▶ _TASK_: Reproduce exactly the lines from the one containing "Used Toyota Wildlander" through the end of the entries, including both. Drop the pictures.

▶ _DATA TO EXAMINE_:

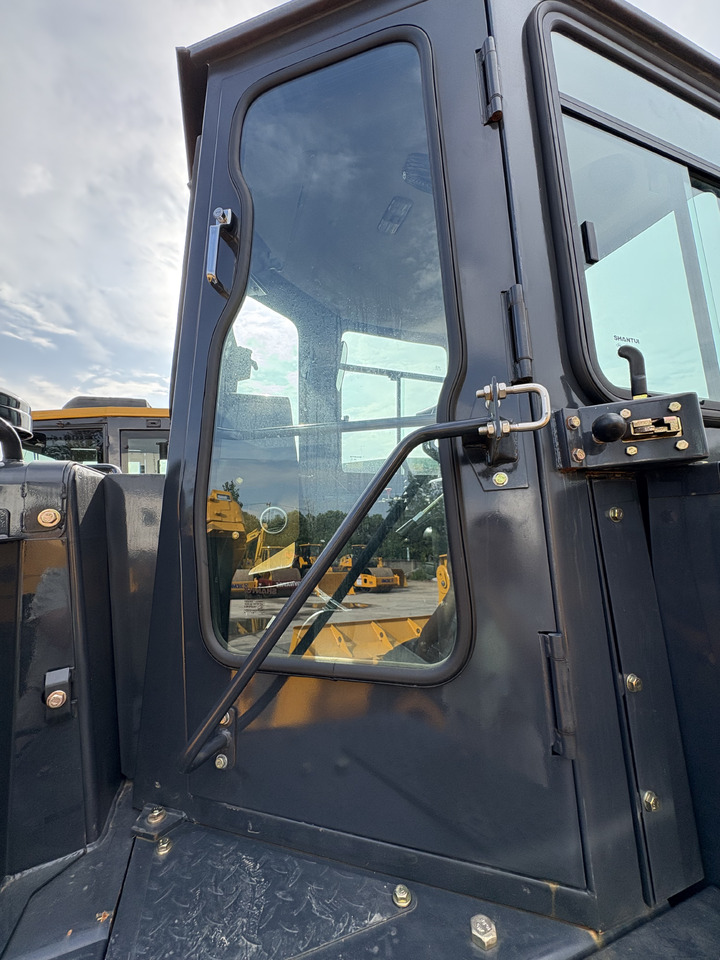 SHANTUI sd22 bulldozer 2024 machine discounted for sale shantui - Buldozeris: foto 5 SHANTUI sd22 bulldozer 2024 machine discounted for sale shantui - Buldozeris: foto 5
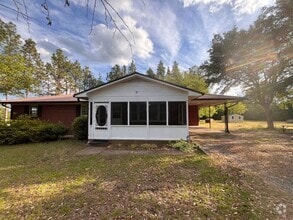 Building Photo - 825 Quewhiffle Rd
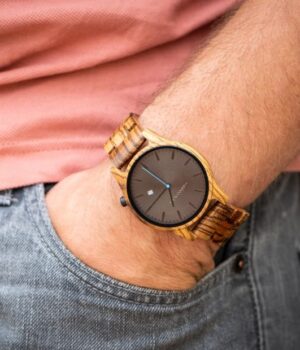 Montre Full Zébrano Métro7 portée au poignet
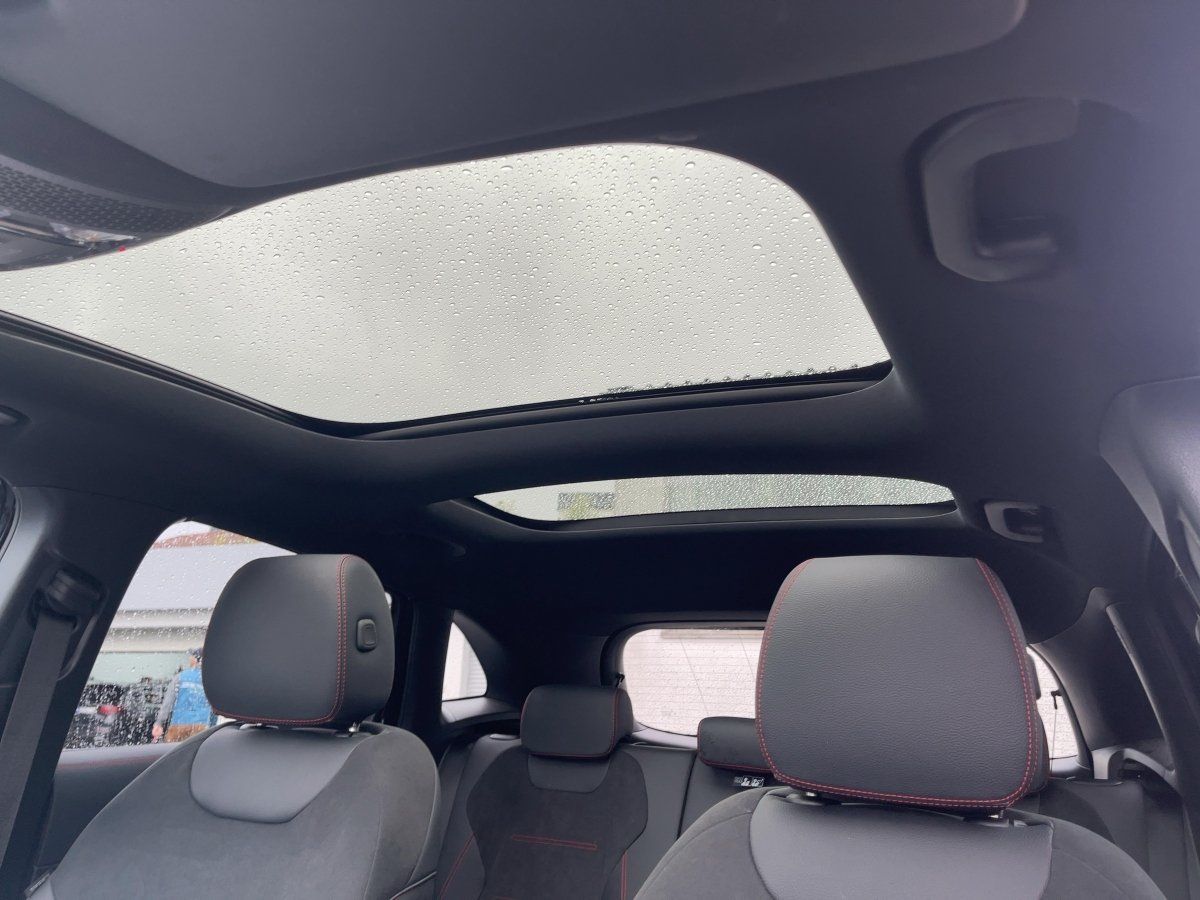 Fahrzeugabbildung Mercedes-Benz GLA 200 d AMG/Night/Pano/Kamera/AHK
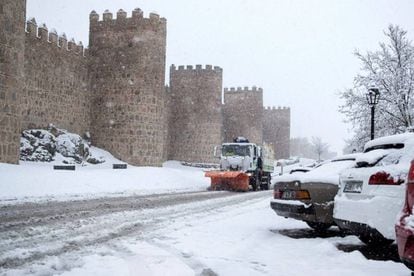 A snow plow removes snow in Ávila in this photo from last March.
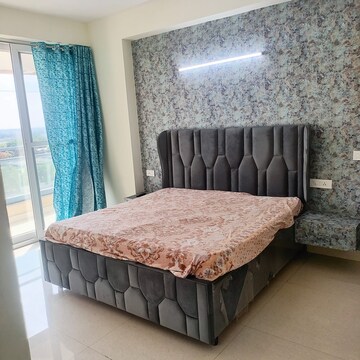 3.5 BHK Apartment For Rent in Maya Green Lotus Saksham, International Airport Road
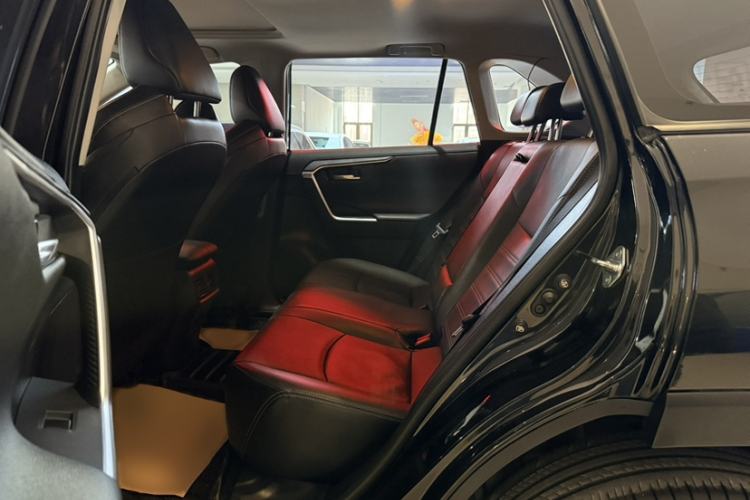 Used Toyota Wildlander 2022 2.0L CVT Four-Wheel Drive Luxury Edition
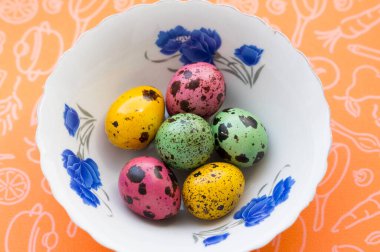 Tabakta renkli bıldırcın yumurtaları.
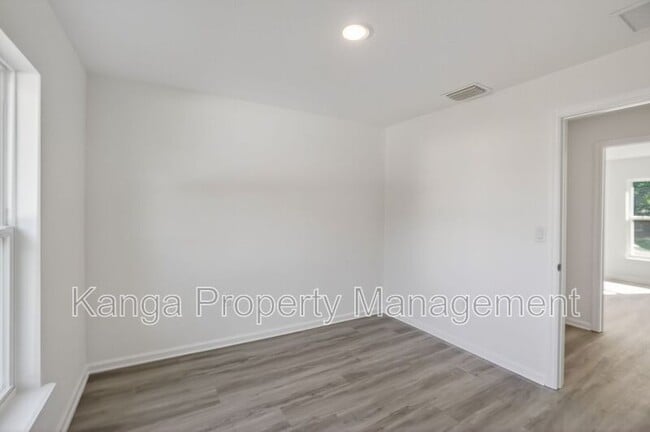 Building Photo - 1115 F Ave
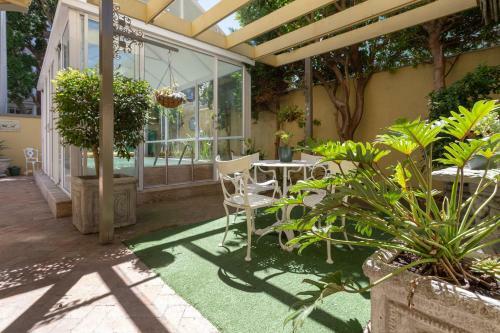 Cosy And Classy Sea Point Apartment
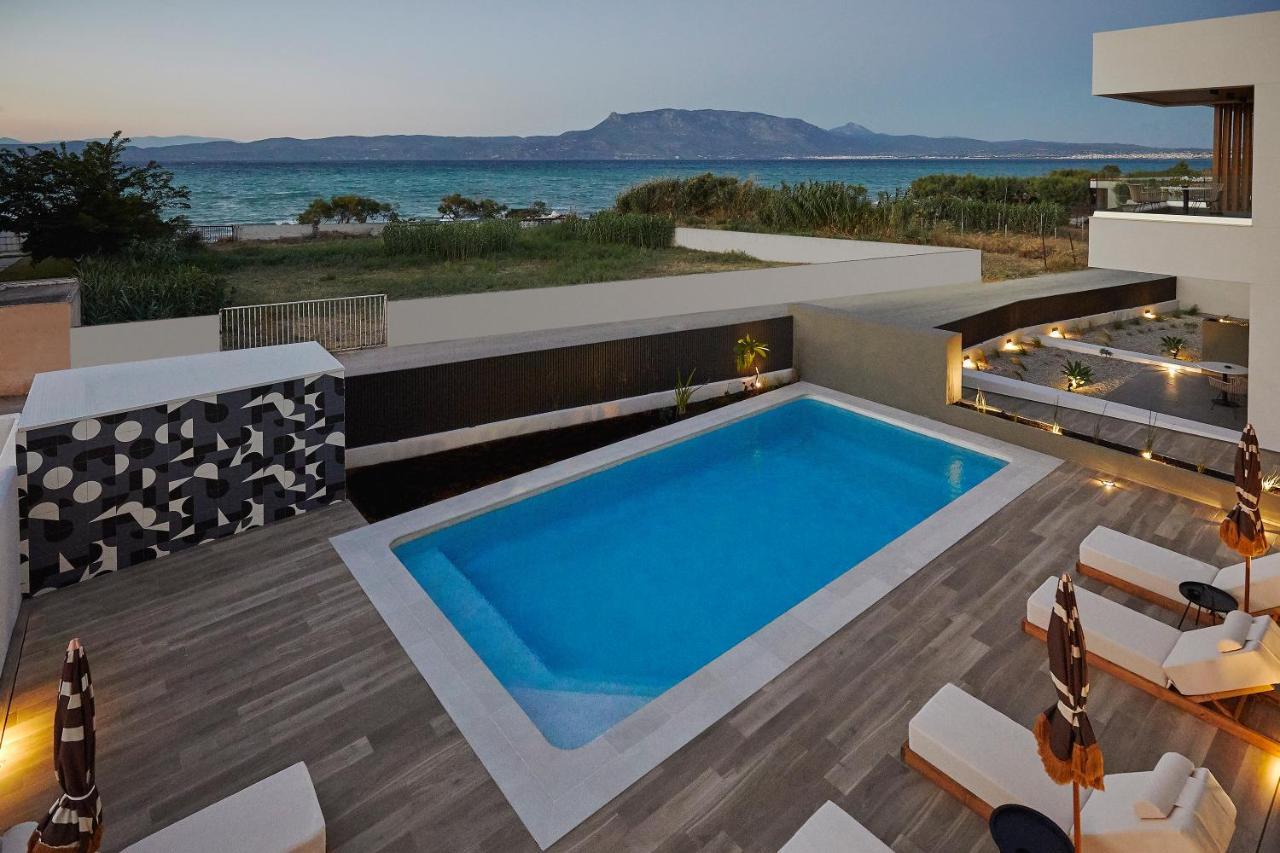 Mare Suites Lechaio Екстер'єр фото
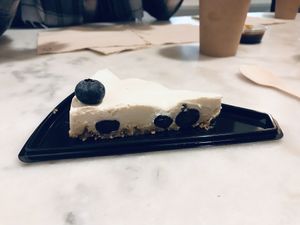 Cheesecake vegan aux myrtilles #Veganuary at 2VB  in Perpignan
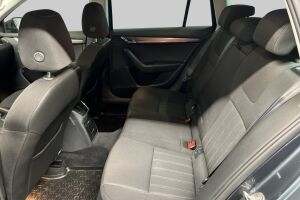 Skoda Octavia esikatselu 10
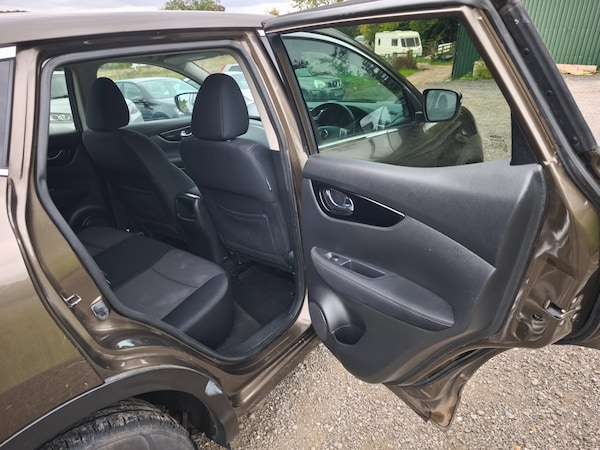 Used Nissan Qashqai 2014 for sale - 75223425: Photo 15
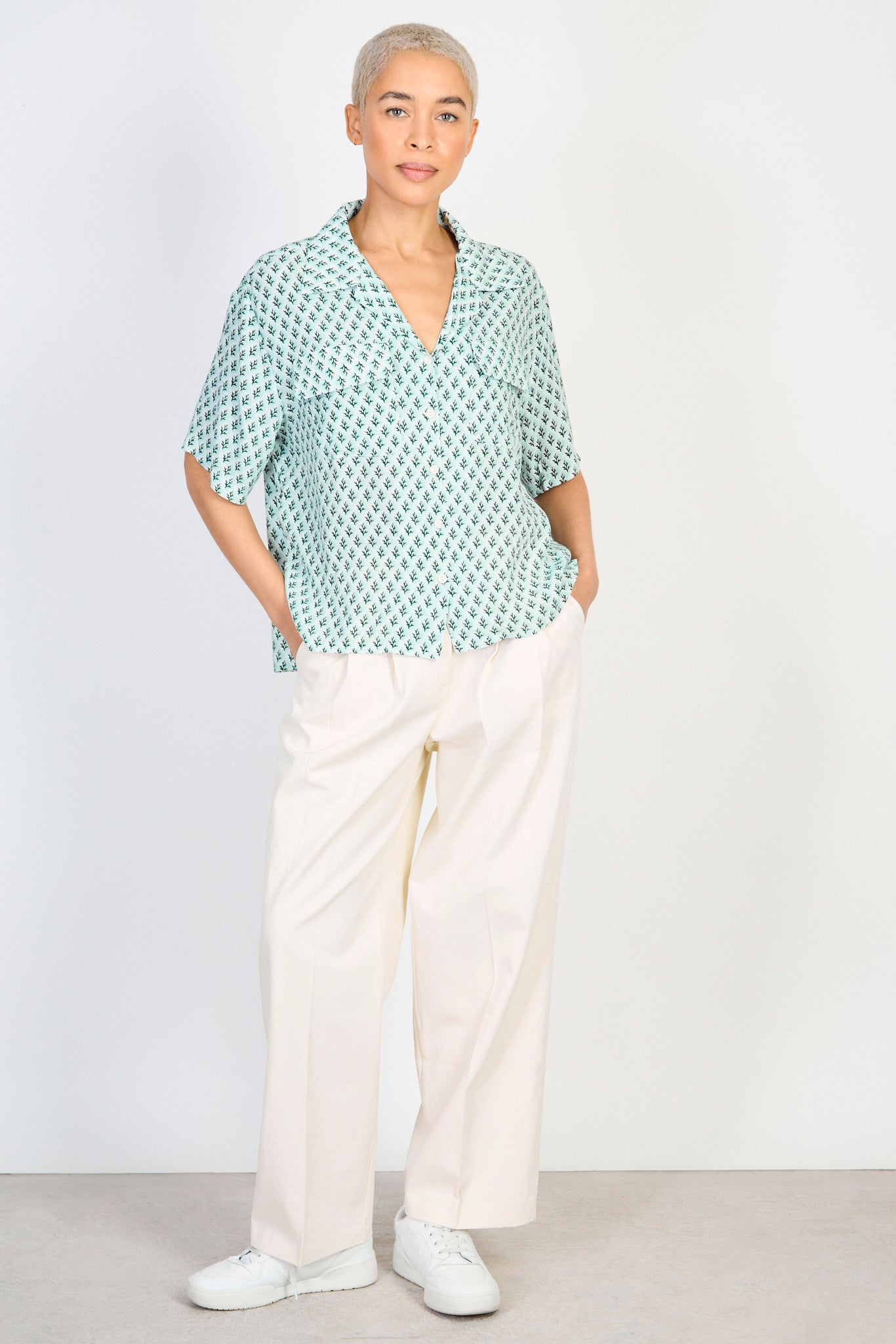 Green and blue leaf print shirt_5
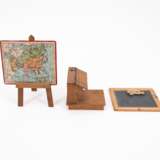 SCHOOL WITH LITTLE DOLLS, TEACHER, BLACKBOARD, WORLD MAP AND WRITING UTENSILS MADE OF WOOD, CARDBOARD, SLATE, TEXTILES, SPONGES AND PAPER - Foto 5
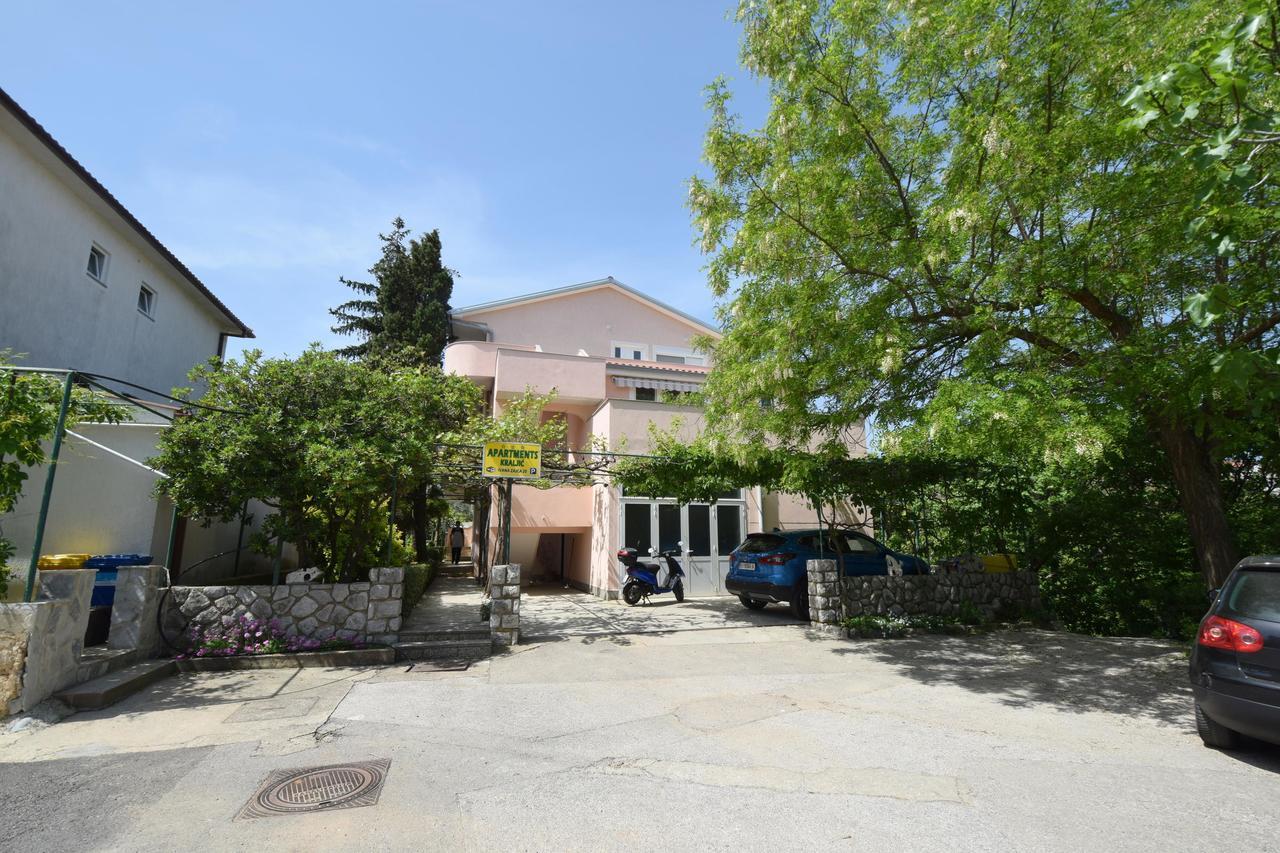 Apartments Kraljic Krk Town Exteriör bild
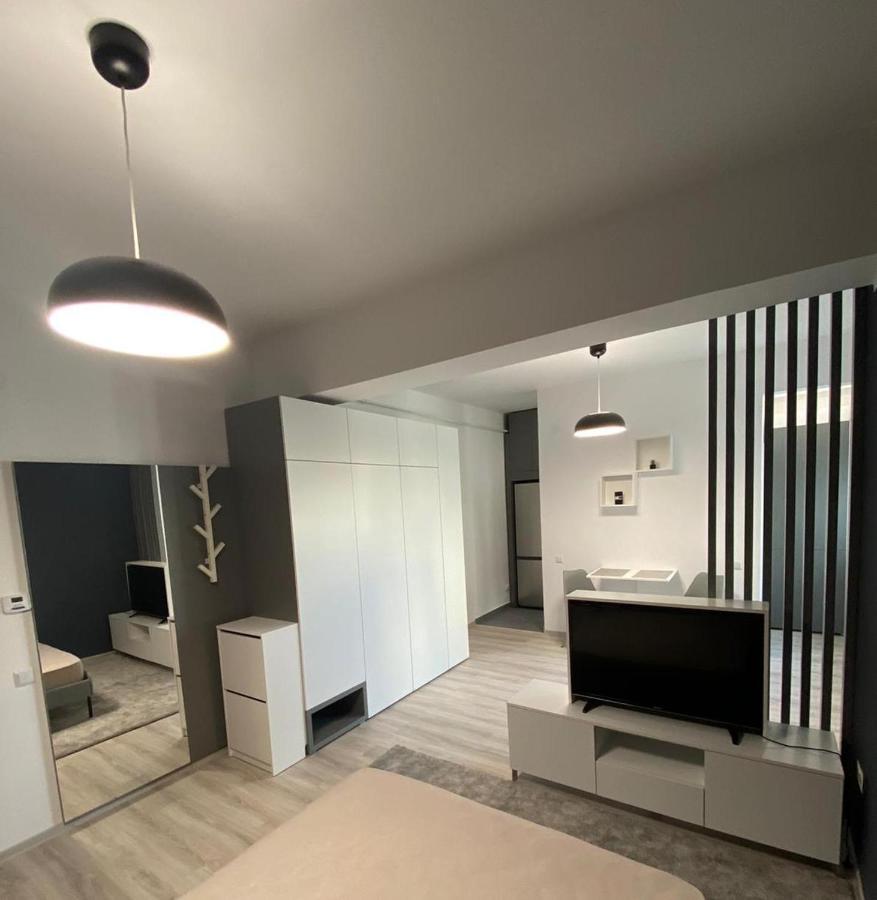 The Chic Minimalist - Apartment Яссы Экстерьер фото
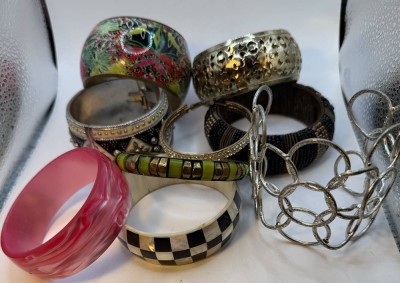 Auktion 371<br>9x div. Armreife, div. Materialien, alles Modeschmuck [1]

▶ _SOLUTION TO THIS EXERCISE_:
 Used Toyota Wildlander 2022 2.0L CVT Four-Wheel Drive Luxury Edition
 Tabakta renkli bıldırcın yumurtaları.
 Building Photo - 1115 F Ave
 Cosy And Classy Sea Point Apartment
 Mare Suites Lechaio Екстер'єр фото
 Cheesecake vegan aux myrtilles #Veganuary at 2VB  in Perpignan
 Skoda Octavia esikatselu 10
 Used Nissan Qashqai 2014 for sale - 75223425: Photo 15
 Green and blue leaf print shirt_5
 SCHOOL WITH LITTLE DOLLS, TEACHER, BLACKBOARD, WORLD MAP AND WRITING UTENSILS MADE OF WOOD, CARDBOARD, SLATE, TEXTILES, SPONGES AND PAPER - Foto 5
 Apartments Kraljic Krk Town Exteriör bild
 The Chic Minimalist - Apartment Яссы Экстерьер фото
 Auktion 371<br>9x div. Armreife, div. Materialien, alles Modeschmuck [1]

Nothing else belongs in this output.